• _Material supplied_

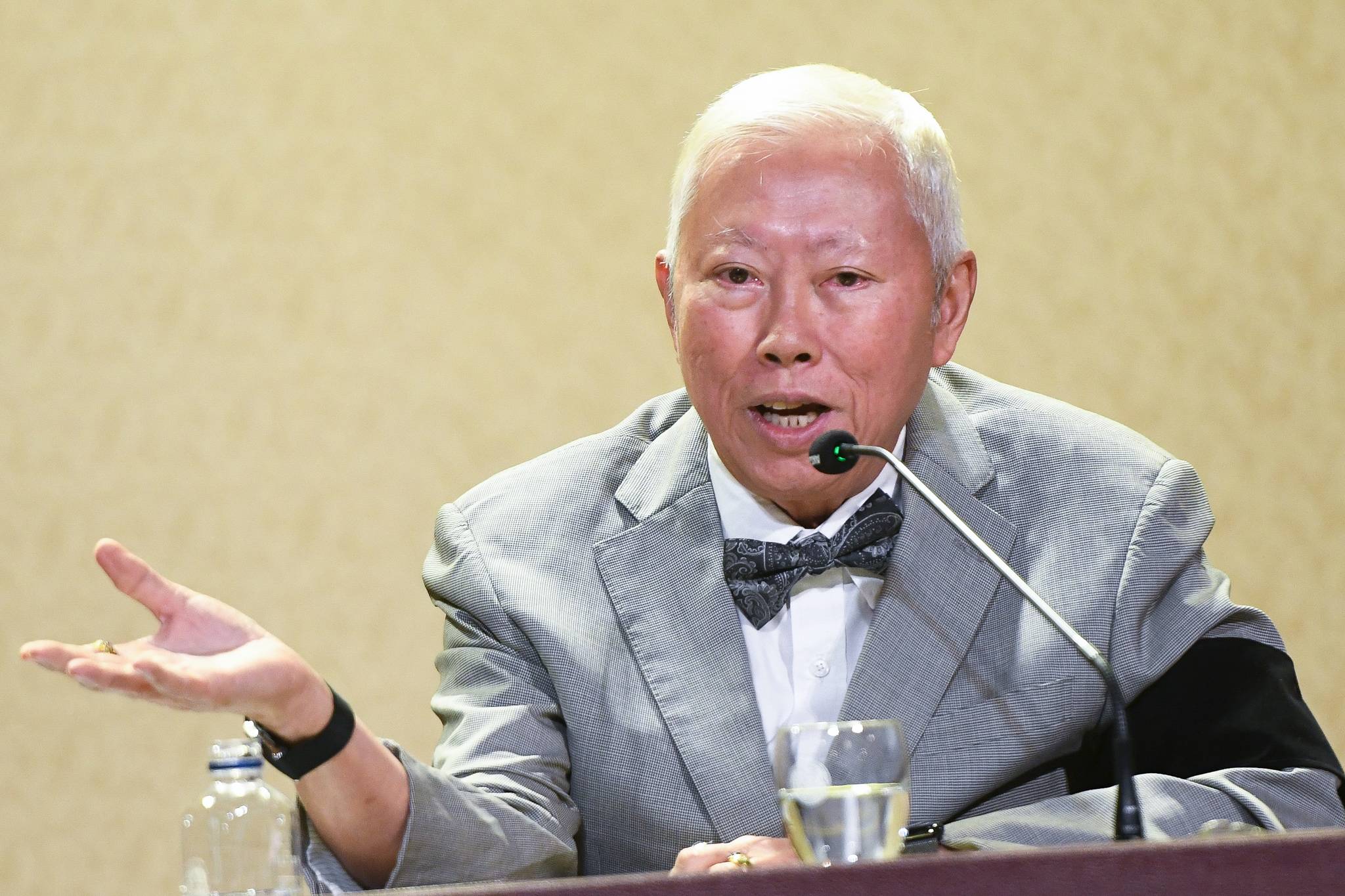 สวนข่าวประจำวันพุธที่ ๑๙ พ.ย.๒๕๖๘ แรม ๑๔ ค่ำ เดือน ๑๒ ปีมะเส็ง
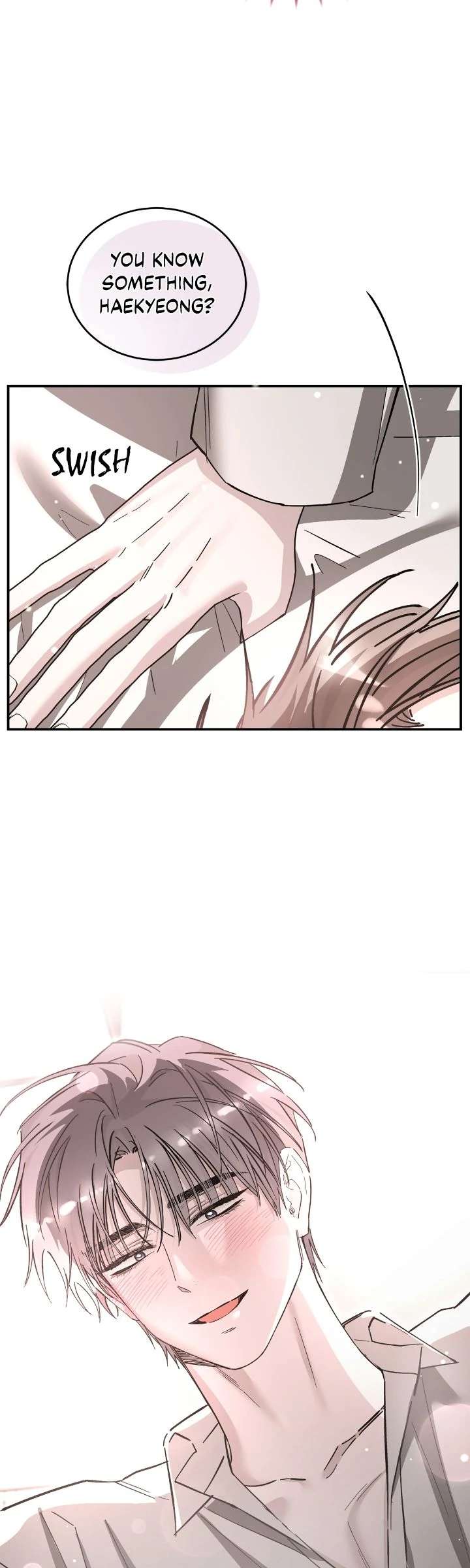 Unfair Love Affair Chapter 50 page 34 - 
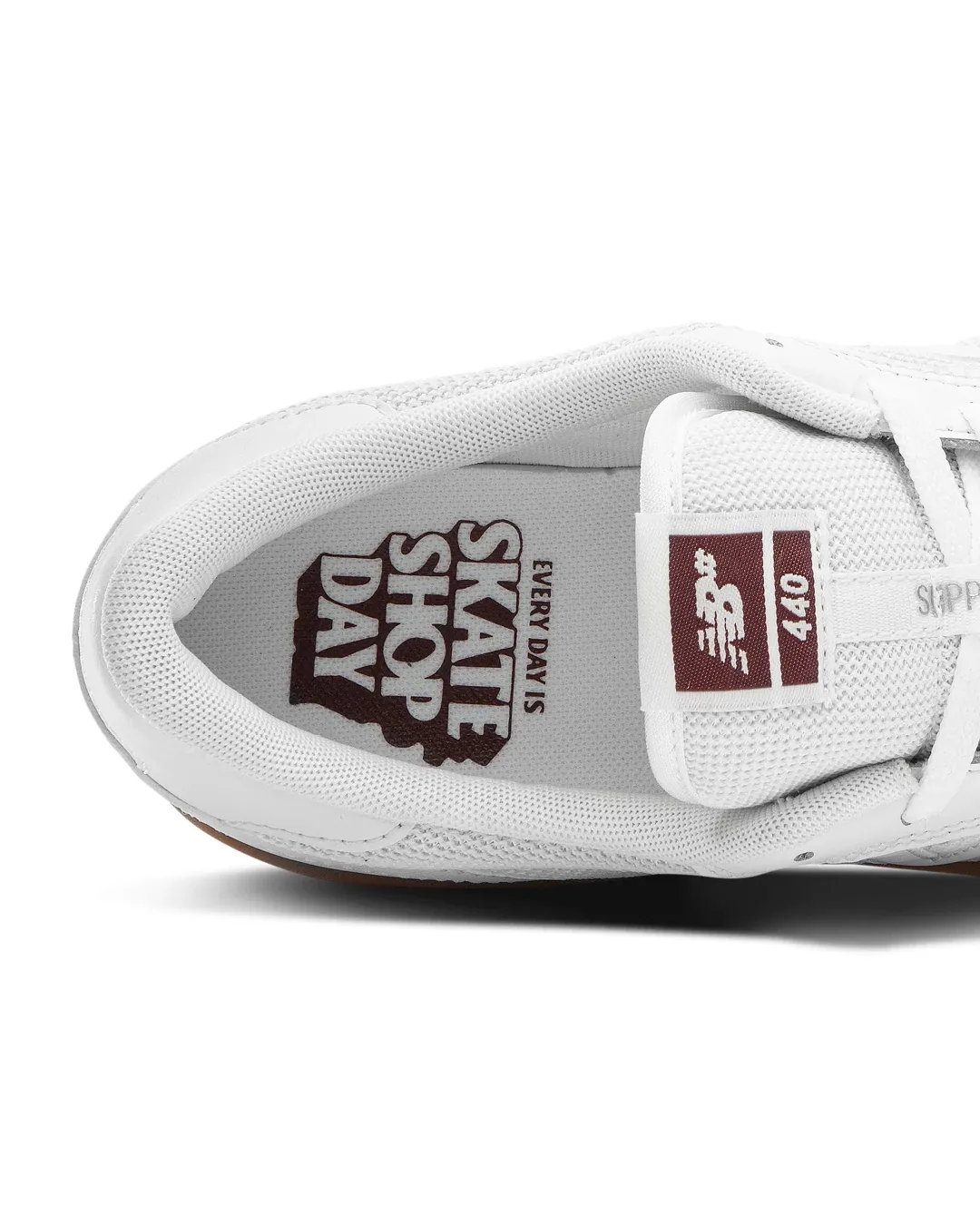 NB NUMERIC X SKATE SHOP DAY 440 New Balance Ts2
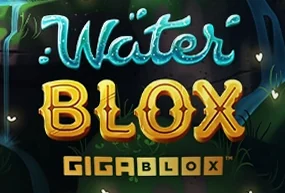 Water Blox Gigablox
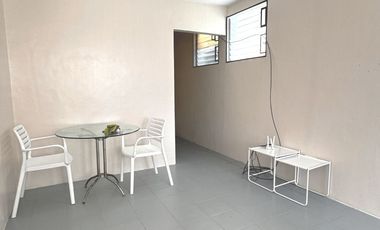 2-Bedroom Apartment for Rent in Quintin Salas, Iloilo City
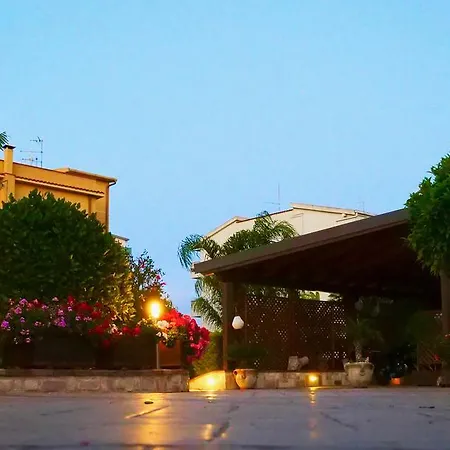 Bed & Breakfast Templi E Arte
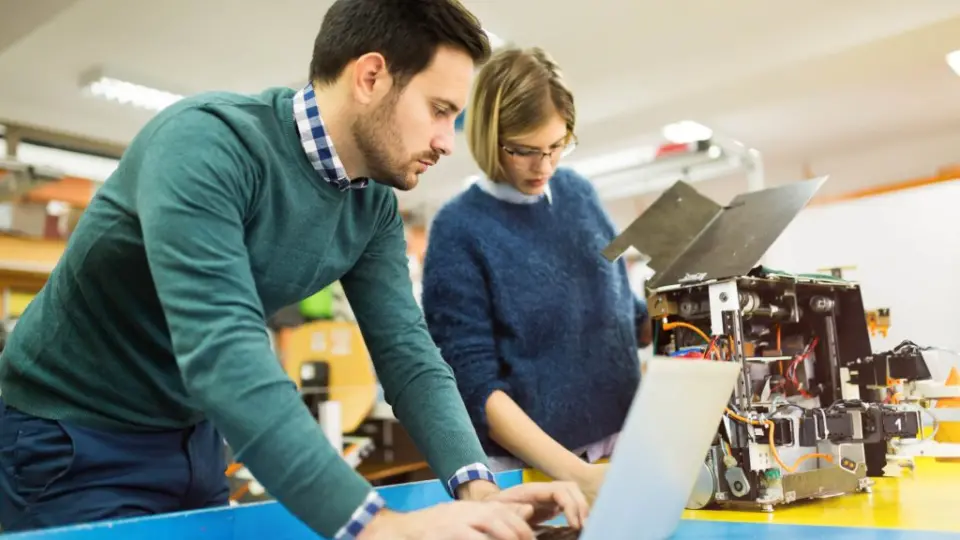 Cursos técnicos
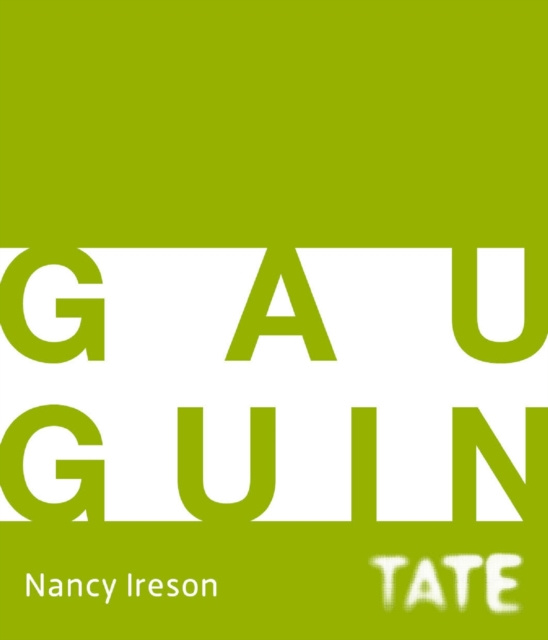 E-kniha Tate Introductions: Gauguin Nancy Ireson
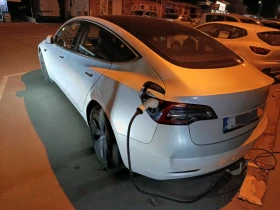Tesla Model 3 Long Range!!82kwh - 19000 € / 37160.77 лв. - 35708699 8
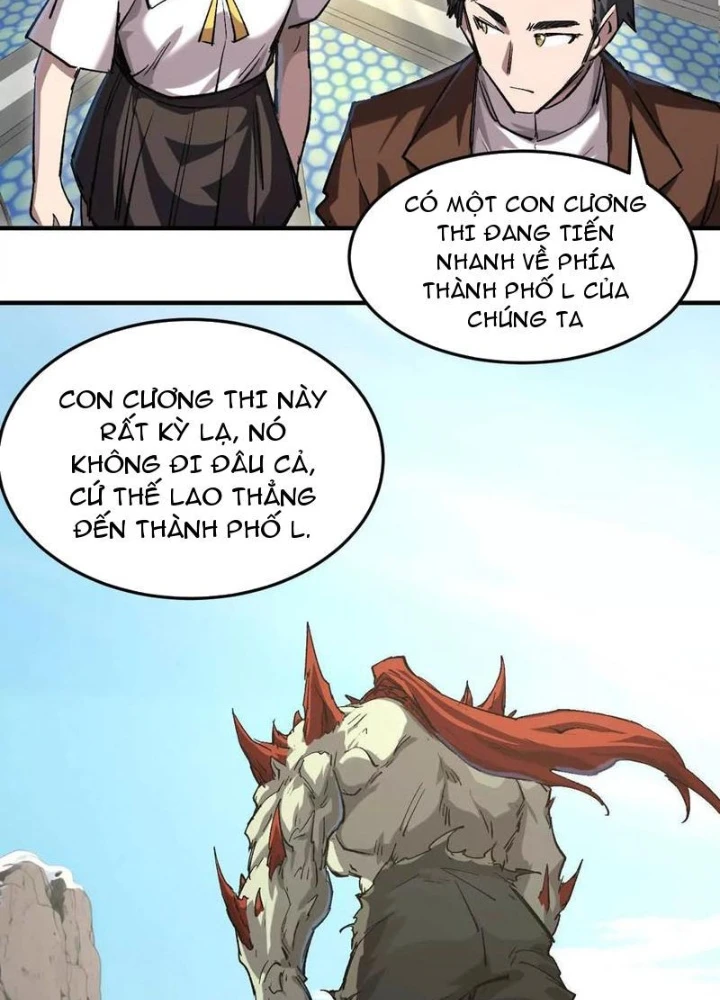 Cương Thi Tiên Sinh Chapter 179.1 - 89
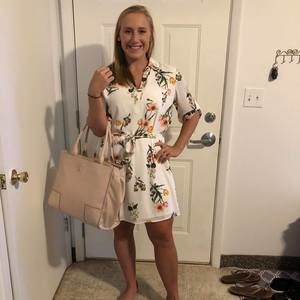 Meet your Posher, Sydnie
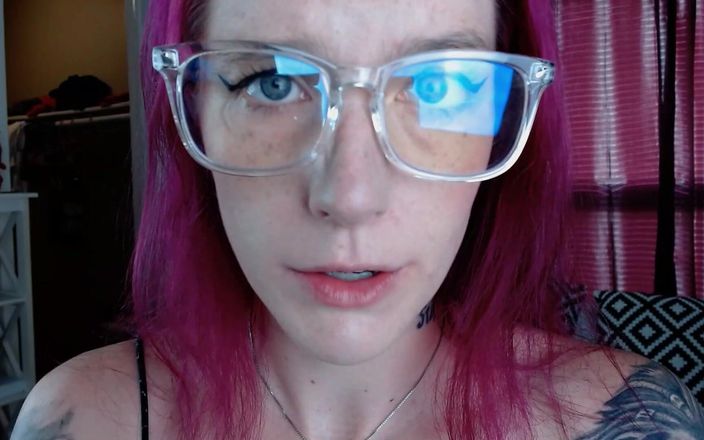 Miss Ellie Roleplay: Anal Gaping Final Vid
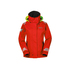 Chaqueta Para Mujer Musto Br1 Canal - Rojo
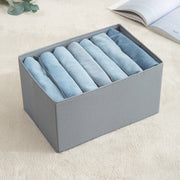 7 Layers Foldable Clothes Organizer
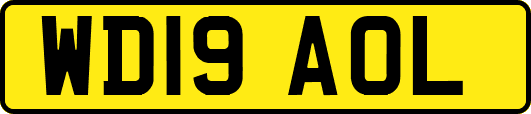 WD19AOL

• _Description of the task_
Repeat nothing but the lines from the one containing "Cương Thi Tiên Sinh Chapter 179.1 - 89" through the end of the entries, exactly, and skip the pictures.

• _Answer for this exercise_
 Cương Thi Tiên Sinh Chapter 179.1 - 89
 Meet your Posher, Sydnie
 Miss Ellie Roleplay: Anal Gaping Final Vid
 Chaqueta Para Mujer Musto Br1 Canal - Rojo
 7 Layers Foldable Clothes Organizer
 WD19AOL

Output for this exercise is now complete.